Lily sees that Amelia’s online, inexplicably. In a flash of an unthinking moment, Lily messages her:
what are u doing awake?
It doesn’t take long for Amelia to respond. Lily taps off so that she doesn’t seem desperate, like she was waiting for the response, even though she is.
Ur awake too, hypocrite!
it wasn’t an accusation, I’m curious!!!
Idk I was just out with Ian
Ian, her boyfriend. Lovely guy, awful hair.
until two?? are ur parents furious lol
Noooo not until now, I came in like an hour ago.
They were still mad tho lol
What about u?
Having a crisis.
Lily doesn’t even comprehend what she’s typing until she’s sent the message. She considers deleting it quickly, but seconds later Amelia’s already seen it. She swallows, doesn’t panic, even though she can’t just say that to Amelia. Lily has learnt that even if she wants to be Amelia’s close friend – or best friend, like she’s a child in the playground – that Amelia doesn’t see her that way. She knows that. That’s fine.
Amelia is typing. She spends a while typing. For a moment, Lily thinks that maybe she’s going to respond with sympathy – engage a conversation. She imagines for a moment, the response that arrives reading: Oh I’m sorry. Wanna talk?
She waits, and Amelia responds.
Oh, RIP lol.
She waits again, but Amelia is not typing. Lily waits more, hopefulness falling away back to nothing. She starts to reply.
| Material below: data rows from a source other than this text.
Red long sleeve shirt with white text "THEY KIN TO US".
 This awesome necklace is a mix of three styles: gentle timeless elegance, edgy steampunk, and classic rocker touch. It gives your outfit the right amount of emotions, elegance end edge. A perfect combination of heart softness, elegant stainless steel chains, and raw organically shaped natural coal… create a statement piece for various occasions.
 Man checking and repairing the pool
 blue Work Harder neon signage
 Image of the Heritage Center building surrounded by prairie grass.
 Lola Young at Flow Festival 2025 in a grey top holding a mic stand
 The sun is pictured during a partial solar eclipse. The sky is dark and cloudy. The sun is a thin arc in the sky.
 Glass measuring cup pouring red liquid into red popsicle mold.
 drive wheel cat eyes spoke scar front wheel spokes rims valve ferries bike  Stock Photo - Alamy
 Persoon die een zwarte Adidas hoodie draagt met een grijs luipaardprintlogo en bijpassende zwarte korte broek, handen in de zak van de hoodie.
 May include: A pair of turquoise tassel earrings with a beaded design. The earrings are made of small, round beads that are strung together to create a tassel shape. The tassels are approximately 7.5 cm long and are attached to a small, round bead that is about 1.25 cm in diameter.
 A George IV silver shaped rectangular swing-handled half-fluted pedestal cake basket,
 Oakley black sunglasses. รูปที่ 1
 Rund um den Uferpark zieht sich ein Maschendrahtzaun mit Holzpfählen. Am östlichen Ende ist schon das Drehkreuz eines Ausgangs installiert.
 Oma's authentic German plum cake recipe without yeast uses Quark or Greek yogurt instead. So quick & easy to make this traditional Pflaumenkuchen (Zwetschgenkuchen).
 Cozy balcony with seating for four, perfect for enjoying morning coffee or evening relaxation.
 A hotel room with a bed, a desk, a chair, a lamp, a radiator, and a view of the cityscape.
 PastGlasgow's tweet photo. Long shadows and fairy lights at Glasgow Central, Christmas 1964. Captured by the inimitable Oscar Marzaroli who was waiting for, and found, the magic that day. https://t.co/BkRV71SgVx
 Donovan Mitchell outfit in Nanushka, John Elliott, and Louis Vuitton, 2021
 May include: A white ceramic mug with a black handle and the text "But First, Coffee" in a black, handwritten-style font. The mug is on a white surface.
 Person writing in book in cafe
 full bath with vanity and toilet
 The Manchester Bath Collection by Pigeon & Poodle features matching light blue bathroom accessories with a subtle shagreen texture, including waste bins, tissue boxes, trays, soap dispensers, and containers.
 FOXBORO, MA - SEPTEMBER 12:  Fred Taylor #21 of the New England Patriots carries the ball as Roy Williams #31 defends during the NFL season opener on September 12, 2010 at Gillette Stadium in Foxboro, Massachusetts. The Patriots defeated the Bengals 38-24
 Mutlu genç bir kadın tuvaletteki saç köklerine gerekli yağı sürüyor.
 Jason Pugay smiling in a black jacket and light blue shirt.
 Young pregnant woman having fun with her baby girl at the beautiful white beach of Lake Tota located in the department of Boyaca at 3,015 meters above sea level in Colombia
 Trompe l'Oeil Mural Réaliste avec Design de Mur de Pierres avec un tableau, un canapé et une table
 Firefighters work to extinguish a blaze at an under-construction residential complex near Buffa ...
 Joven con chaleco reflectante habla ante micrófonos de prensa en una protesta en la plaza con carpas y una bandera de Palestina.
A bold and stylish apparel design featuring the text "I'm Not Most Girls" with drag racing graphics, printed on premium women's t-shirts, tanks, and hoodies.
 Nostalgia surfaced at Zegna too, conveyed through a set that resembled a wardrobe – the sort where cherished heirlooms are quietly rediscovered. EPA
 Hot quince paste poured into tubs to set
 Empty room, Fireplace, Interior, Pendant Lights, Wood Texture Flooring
should probably go to sleep now tbh
She knows she won’t sleep. Amelia is typing.
Lily doesn’t shut off her phone immediately – she tortures herself, lets herself dwell on the chain of unsuccessful conversation for a moment longer. Then she switches it off, puts it away. Lily turns on to her front, head back in her pillow. For a moment she suffocates in it, but then turns on to her side. Forever unsatisfied.